Sometime, I walk with these people halfway to their destination. I met a lost person from Nepal who was looking for a post office. He did not speak much English, but I found out that he had a mother who recently passed away from breast cancer. He could not go back to his country for her funeral; therefore, his sister sent a package full of his mother’s memories.

That was an amazing moment for a poet. All imagination, all possibilities in the package from Nepal and I want to write about it. I want my poems to be a transmitter for those who have been through unexpected experiences and survived their moments. I just listen to their stories and wait for something to click in my brain. I screamed, “Thank you very much for asking me for directions!”

After I give directions, I always check an online map to confirm that I answered correctly after I get home. More and more now, I am comfortable in downtown Chicago and suburban neighborhoods; however, I also forget and mix street names up in my memory sometimes.

Once, a Japanese tourist in Chicago asked me “Where is a public restroom?” At the time, I did not know of many public restrooms in downtown. I felt very sorry that I could not answer him in his moment of urgency. Now, I know almost every corner of accessible public restrooms— the ones I use so I know they are clean and safe— but nobody has asked the question again yet.
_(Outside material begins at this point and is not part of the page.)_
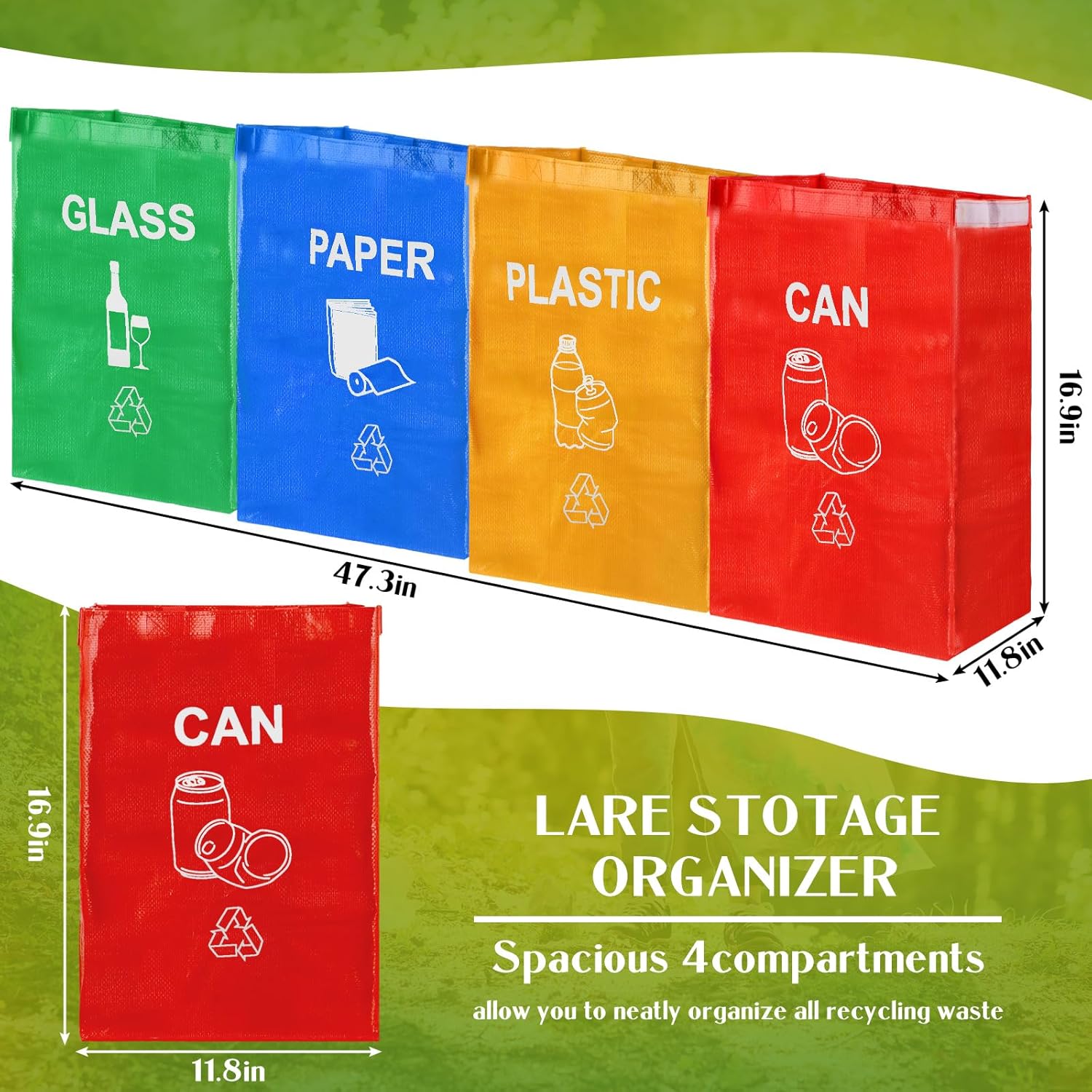 4 Pcs Recycling Bin Bags Separate Recycle Bin Waterproof Waste Baskets Recyclable Waste Trash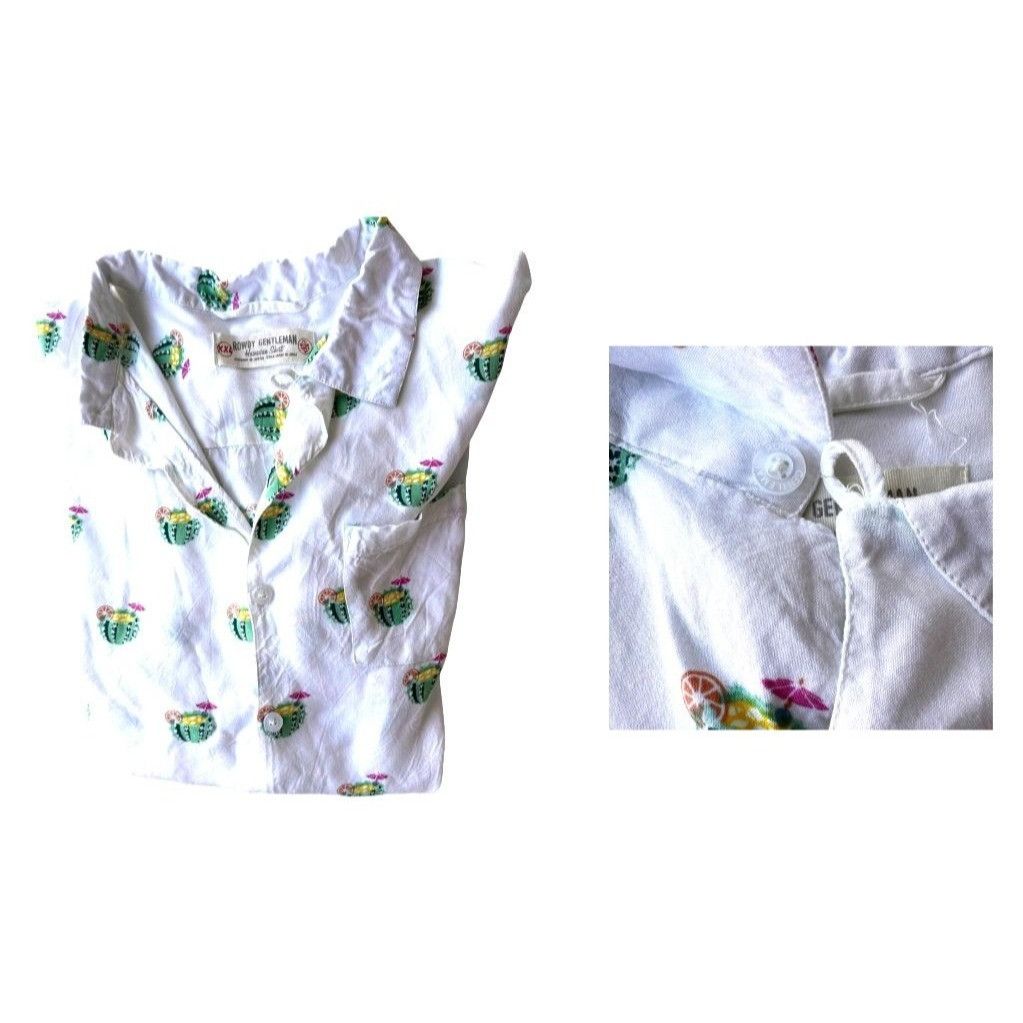 Vintage Rowdy Gentleman Cactus Cocktail Hawaiian Shirt XXL White Cru Size US XXL / EU 58 / 5 - 7 Thumbnail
Perhaps, people have never guessed that this tiny Asian woman has a map of the surrounding public bathrooms in her brain, and that she is looking for poetic inspiration.


Naoko Fujimoto was born in Nagoya, Japan. She is a poet & artist, occasionally pianist. Her current favorite word is “spatula” - she found seventeen spatulas in her apartment; none of them are from her purchase— but she is not an admitted spatula collector or detective of all seventeen spatulas.